TSX:HSE.PR.B - Post by User
Comment by
mrbbon Oct 08, 2018 7:05am
49 Views
Post# 28761387
RE:RE:RE:RE:Pipeline Bottlenecks
RE:RE:RE:RE:Pipeline BottlenecksEigen337 wrote:
Scottie99, MEG has world class assets (just under 3 BILLION barrels of oil)
producing 98K bbls/d (Christina Lake {CL}) in the month of July 2018.
CL has the LOWEST operating cost in the in-situ oil sands business and will get even
BETTER as they implement SOLVENTS (propane) recovery.
MEG is a LEADER in in-situ reservoir technology extraction.

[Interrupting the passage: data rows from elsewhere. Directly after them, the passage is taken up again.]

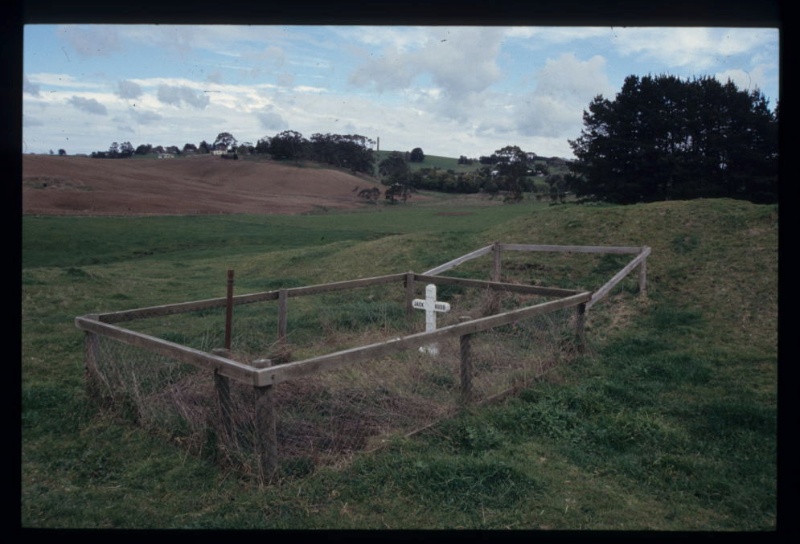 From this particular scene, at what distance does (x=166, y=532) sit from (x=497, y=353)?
546 cm

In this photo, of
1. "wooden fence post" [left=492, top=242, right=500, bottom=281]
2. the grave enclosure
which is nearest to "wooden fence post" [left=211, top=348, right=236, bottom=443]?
the grave enclosure

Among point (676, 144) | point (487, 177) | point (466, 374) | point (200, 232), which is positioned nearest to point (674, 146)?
point (676, 144)

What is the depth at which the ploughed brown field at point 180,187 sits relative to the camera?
31953 mm

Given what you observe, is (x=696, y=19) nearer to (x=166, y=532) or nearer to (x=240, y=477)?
(x=166, y=532)

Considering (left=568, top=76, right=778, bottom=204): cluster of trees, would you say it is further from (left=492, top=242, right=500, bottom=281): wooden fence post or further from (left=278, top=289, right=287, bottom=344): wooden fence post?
(left=278, top=289, right=287, bottom=344): wooden fence post

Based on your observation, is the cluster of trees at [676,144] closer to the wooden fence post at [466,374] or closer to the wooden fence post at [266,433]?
the wooden fence post at [466,374]

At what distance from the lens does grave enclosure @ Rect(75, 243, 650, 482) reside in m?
4.91

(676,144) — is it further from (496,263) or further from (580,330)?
(580,330)

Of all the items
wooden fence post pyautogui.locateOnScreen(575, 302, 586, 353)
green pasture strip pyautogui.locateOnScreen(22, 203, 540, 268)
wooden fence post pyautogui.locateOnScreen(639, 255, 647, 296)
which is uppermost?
green pasture strip pyautogui.locateOnScreen(22, 203, 540, 268)

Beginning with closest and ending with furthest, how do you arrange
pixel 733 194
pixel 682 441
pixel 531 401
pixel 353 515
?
pixel 353 515 < pixel 682 441 < pixel 531 401 < pixel 733 194

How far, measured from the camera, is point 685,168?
35.6 m

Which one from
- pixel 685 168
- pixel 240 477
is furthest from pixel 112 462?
pixel 685 168

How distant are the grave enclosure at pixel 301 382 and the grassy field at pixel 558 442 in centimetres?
21

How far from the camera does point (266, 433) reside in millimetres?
4664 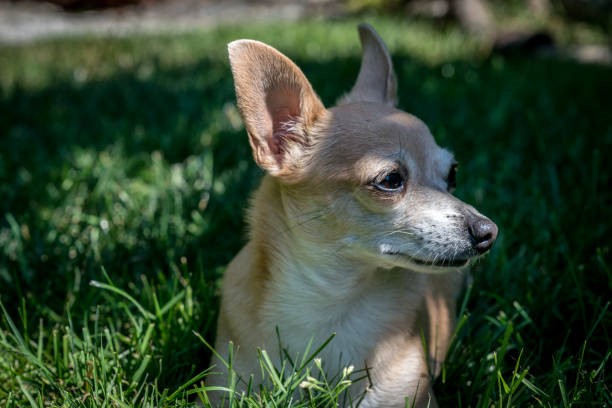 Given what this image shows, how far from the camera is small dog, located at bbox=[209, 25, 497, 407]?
2.10 m

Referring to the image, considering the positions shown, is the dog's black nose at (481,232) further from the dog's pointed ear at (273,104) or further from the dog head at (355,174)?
the dog's pointed ear at (273,104)

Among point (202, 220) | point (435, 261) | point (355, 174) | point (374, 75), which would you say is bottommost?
point (202, 220)

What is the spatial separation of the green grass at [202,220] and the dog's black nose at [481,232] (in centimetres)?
33

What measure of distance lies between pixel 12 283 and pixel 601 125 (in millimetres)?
3590

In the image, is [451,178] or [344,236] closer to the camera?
[344,236]

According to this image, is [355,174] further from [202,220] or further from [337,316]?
[202,220]

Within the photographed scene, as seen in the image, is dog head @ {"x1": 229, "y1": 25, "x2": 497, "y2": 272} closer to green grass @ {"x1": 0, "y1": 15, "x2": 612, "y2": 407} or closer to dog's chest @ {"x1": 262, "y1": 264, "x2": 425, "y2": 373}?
dog's chest @ {"x1": 262, "y1": 264, "x2": 425, "y2": 373}

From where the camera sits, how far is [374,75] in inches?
105

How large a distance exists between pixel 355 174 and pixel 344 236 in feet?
0.65

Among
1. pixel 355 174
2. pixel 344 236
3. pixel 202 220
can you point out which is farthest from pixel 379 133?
pixel 202 220

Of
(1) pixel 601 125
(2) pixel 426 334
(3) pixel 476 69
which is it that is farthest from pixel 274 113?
(3) pixel 476 69

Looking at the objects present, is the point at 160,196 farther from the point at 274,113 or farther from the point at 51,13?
the point at 51,13

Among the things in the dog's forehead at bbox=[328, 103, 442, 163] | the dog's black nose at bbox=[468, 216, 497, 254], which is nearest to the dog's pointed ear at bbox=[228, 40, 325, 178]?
the dog's forehead at bbox=[328, 103, 442, 163]

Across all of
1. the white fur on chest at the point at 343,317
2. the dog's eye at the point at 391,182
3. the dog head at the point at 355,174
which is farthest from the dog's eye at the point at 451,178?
the white fur on chest at the point at 343,317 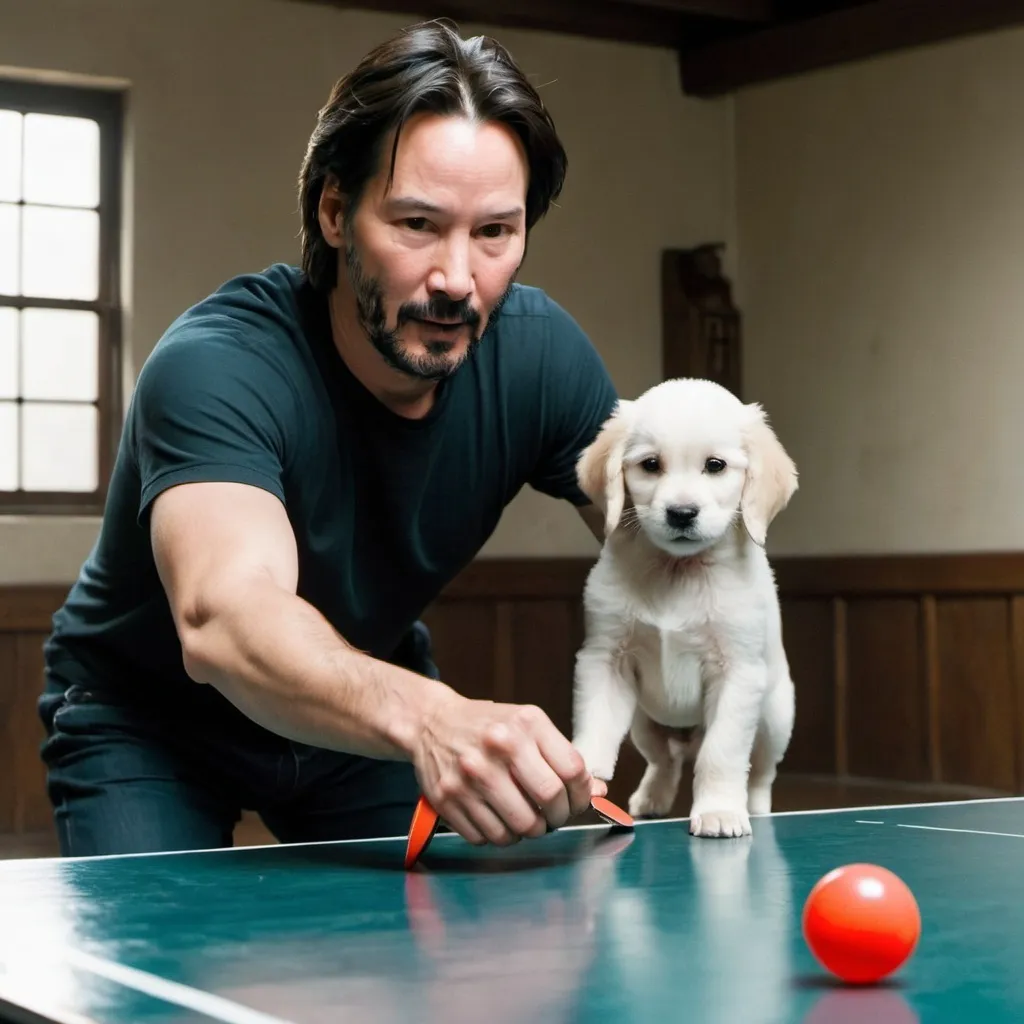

MEG has a very VALUABLE BOOKED 50K bbls/d Canadian export pipeline capacity to the US Gulf Coast
where they get WTI-like prices for the bitumen (Access Western Blend) and this is going to
100k bbls/d in summer 2020. Unfortunately, Enbridge mainlines were filled and they could only push out 64%
of their allotted capacity in Q2/2018 although they suffered 46% apportionment.
Do not forget that the Q1/Q2/2018 financials are with HEDGES of USD 54.xx+ for WTI and USD -16.yy for
the ALL important WTI/WCS price differentials. MEG has communicated that they will do a lot
LESS hedging in the future (in 2019 and beyond) as they become CASH FLOW POSITIVE
at 113K bbls/d in 2020.
As a MEG shareholder, I will vote NO and I expect a RIVAL SUPERIOR bid offer to show up !!!
This is my opinion only.
Eigen337
yah but meg has to shell out pipeline tariff and rail road fee to get the WCS price in the US. To get WTI, upgrading is required. Does meg has any upgrading capability?